DNA sequence contain only 4 letters such as A, T, C, G. and the basic sequence data format fasta contain a header and the sequence data. And we can seperate the plasmid data into two kinds of different information. One is sequence data, contain the sequence information. Another is annotation, which will document the segment of sequence with biological functionality such as promoter, terminator, origin of replication, rbs and protein sequence itself.
Under the certain fasta data scenario, we propose a draft of DAG-PLASMID, which we will implement as our data structure to deal with pRoots and lay the foundation of the future application. In DAG-PLASMID, we have three main node tpyes (sequence, annotation and contributor). The individual node structure are show in the figure. When user use pRoots to store or annotate their plasmid data, we will create a contributor activity to document the contribution of sharing the genomic data and the data in the plasmid will be saved into a sequence node and annotation node.
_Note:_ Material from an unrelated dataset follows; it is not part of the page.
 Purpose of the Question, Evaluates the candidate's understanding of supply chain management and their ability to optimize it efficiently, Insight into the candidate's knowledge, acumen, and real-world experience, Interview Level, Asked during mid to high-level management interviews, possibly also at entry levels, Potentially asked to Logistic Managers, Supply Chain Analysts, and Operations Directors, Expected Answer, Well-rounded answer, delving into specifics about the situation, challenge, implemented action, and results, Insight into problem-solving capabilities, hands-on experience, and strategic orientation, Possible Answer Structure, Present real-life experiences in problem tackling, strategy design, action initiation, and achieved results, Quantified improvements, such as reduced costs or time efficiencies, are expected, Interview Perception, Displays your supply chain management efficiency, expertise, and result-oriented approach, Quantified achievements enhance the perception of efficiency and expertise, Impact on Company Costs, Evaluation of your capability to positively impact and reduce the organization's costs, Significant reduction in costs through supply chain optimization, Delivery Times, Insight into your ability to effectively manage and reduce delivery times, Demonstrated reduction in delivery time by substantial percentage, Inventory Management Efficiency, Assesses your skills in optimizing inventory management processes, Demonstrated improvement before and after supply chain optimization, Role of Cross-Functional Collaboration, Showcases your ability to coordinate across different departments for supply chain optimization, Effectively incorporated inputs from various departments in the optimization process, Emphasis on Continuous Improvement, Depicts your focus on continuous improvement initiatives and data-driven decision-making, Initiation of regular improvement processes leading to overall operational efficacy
By creating the three main node types of sequence, annotation and contributor activity, the data itself is not linked together to generate new knowledge or create the possible interaction between contributors based on their consensus interest on the certain sequence family. So, we use a advanced data layout concept to create a nodebuilders to transform the sequence data into a k-mer aggregate node. We will turn sequence into k-mer index and different plasmid data can be analyzed to get their k-mer index. The sequence with similar k-mer structure can be aggregate in the same k-mer3 index, which can create a knowledge graph on common interesting of data and another way can be used to de-duplicate the similar plasmid genomic sequence.